→ **Required action**
Your output must reproduce all the records below precisely and contain no pictures.

→ **Dataset content**
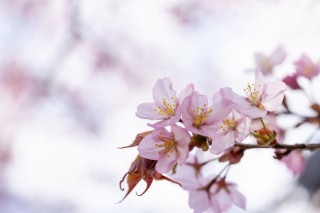 「オオヤマザクラ(エゾヤマザクラ,ベニヤマザクラ)」のサムネイル画像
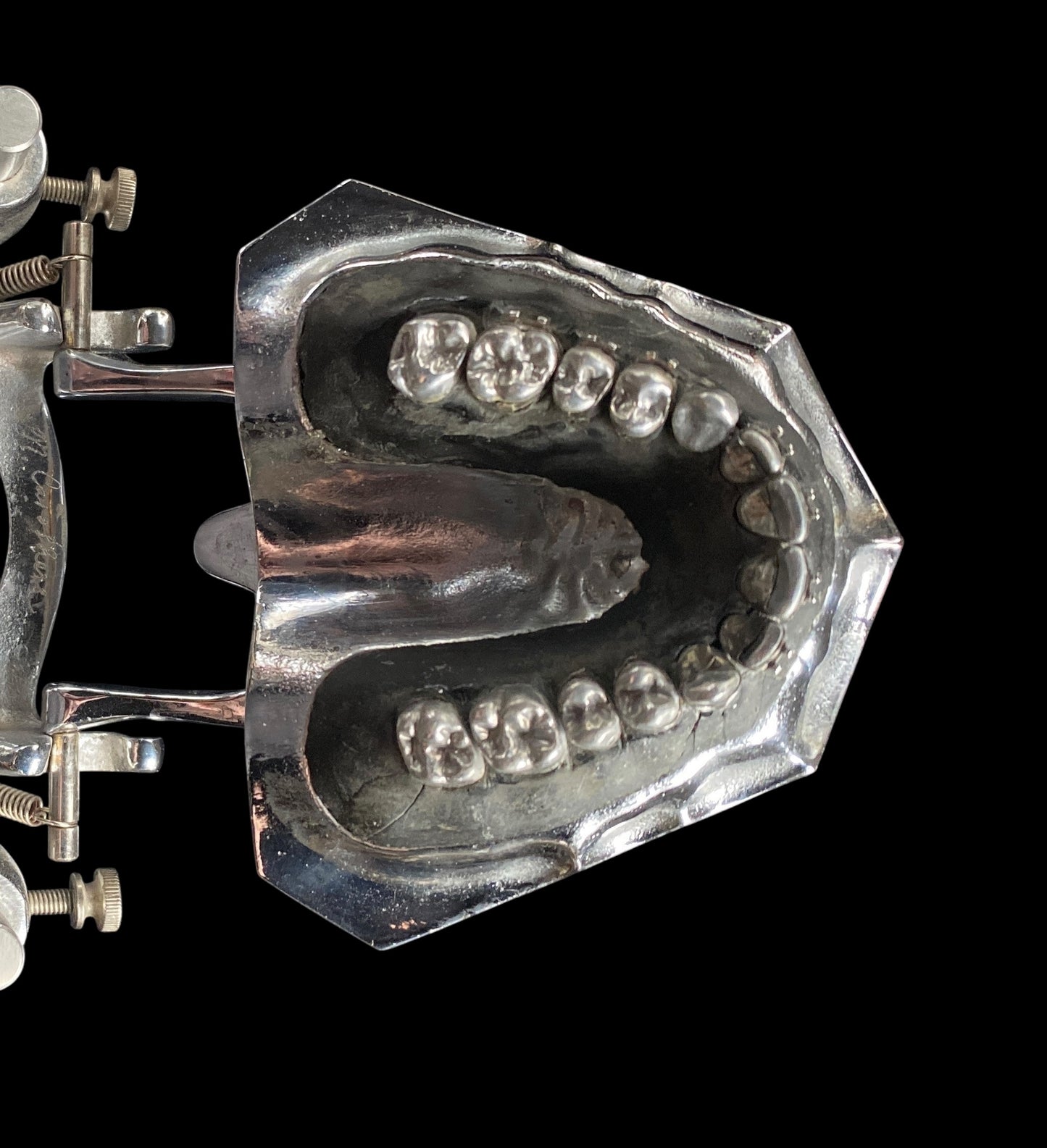 Vintage Metal Typodont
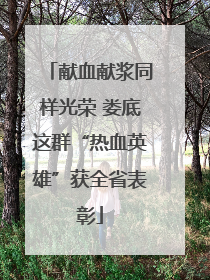 献血献浆同样光荣 娄底这群“热血英雄”获全省表彰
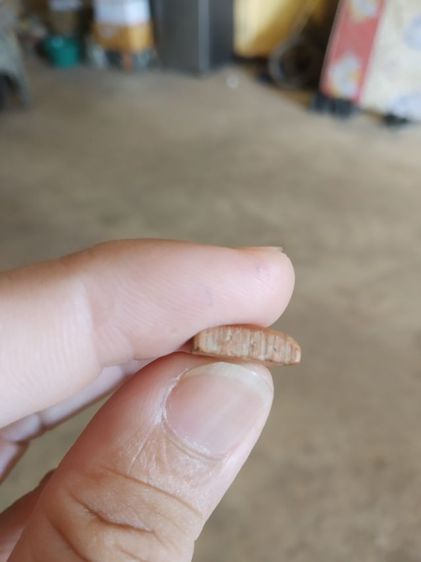 พระเนื้อดิน(พระพิมพ์พระสวรรค์ยืนหรือพระปางลีลากำแพงทุ่งเศรษฐี(280309)(พระใหม่)(ไม่ทราบพระเกจิที่สร้าง))พระบ้านพระเครื่องรางของมงคล รูปที่ 14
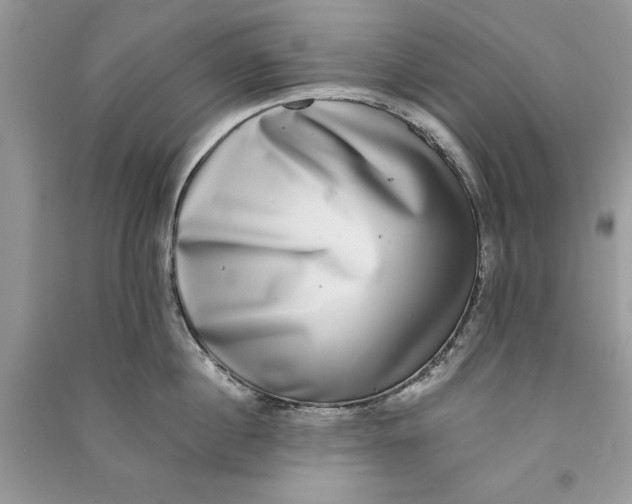 X0000090700860200708101440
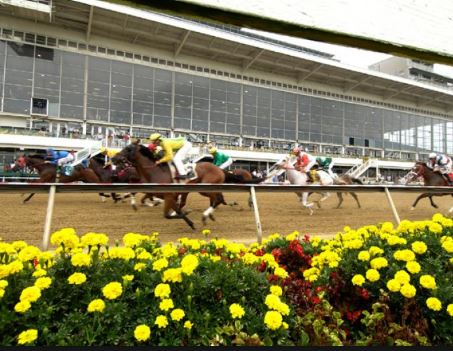 pimlico preakness odds 2018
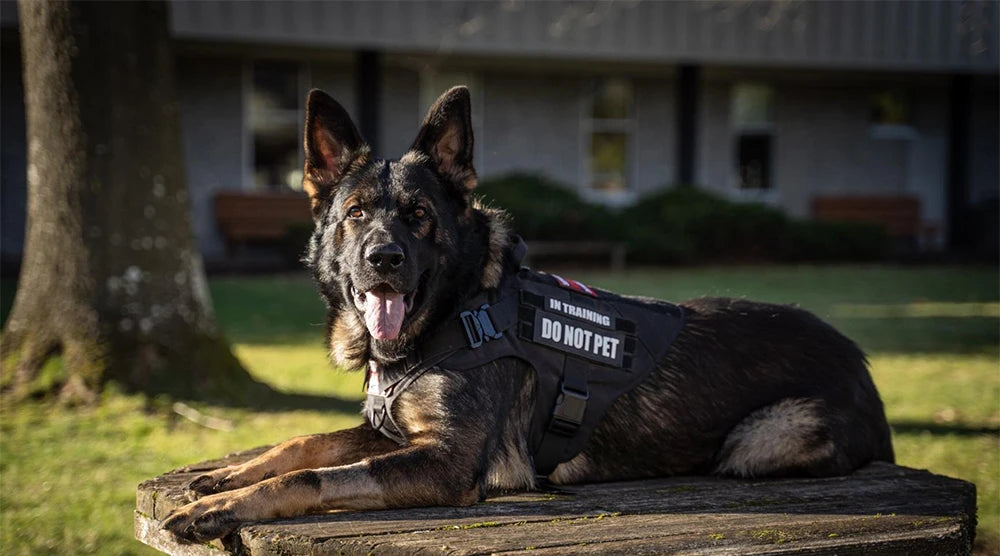 Arnés, collar y correa para perros grandes, bolsas para mascotas, chaleco de entrenamiento para pastor alemán, arneses para perros medianos y grandes, accesorios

→ **Exercise result**
 「オオヤマザクラ(エゾヤマザクラ,ベニヤマザクラ)」のサムネイル画像
 Vintage Metal Typodont
 献血献浆同样光荣 娄底这群“热血英雄”获全省表彰
 พระเนื้อดิน(พระพิมพ์พระสวรรค์ยืนหรือพระปางลีลากำแพงทุ่งเศรษฐี(280309)(พระใหม่)(ไม่ทราบพระเกจิที่สร้าง))พระบ้านพระเครื่องรางของมงคล รูปที่ 14
 X0000090700860200708101440
 pimlico preakness odds 2018
 Arnés, collar y correa para perros grandes, bolsas para mascotas, chaleco de entrenamiento para pastor alemán, arneses para perros medianos y grandes, accesorios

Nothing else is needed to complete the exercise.